### WHAT IS BEING ASKED
Give back exactly the stretch of data below from the line holding "浮舟弄水箫鼓鸣，微波龙鳞莎草绿|晋祠一日游" through the line holding "풀짚공예박물관 길위의 인문학 '요리조리(要理助理) 풀짚탐방' 포스터.", both ends included, and leave the remaining lines out.

### TASK INPUTS
--- START ---

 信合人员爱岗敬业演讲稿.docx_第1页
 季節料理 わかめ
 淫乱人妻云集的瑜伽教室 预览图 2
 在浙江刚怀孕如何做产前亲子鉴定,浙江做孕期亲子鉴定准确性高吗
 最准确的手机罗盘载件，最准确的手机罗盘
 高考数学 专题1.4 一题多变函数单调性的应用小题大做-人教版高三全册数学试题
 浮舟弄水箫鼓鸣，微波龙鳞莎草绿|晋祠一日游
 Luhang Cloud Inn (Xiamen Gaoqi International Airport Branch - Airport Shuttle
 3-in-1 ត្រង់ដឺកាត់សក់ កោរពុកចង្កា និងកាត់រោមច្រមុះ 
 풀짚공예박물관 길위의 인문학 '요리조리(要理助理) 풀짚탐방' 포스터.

--- END ---
--- START ---

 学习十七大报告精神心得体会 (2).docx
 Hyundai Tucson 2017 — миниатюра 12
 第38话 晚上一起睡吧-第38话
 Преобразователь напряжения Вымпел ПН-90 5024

--- END ---
--- START ---

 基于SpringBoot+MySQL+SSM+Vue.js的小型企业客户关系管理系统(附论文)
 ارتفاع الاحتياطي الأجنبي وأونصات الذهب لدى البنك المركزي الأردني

--- END ---

### OUTPUT OF THE EXERCISE
 浮舟弄水箫鼓鸣，微波龙鳞莎草绿|晋祠一日游
 Luhang Cloud Inn (Xiamen Gaoqi International Airport Branch - Airport Shuttle
 3-in-1 ត្រង់ដឺកាត់សក់ កោរពុកចង្កា និងកាត់រោមច្រមុះ 
 풀짚공예박물관 길위의 인문학 '요리조리(要理助理) 풀짚탐방' 포스터.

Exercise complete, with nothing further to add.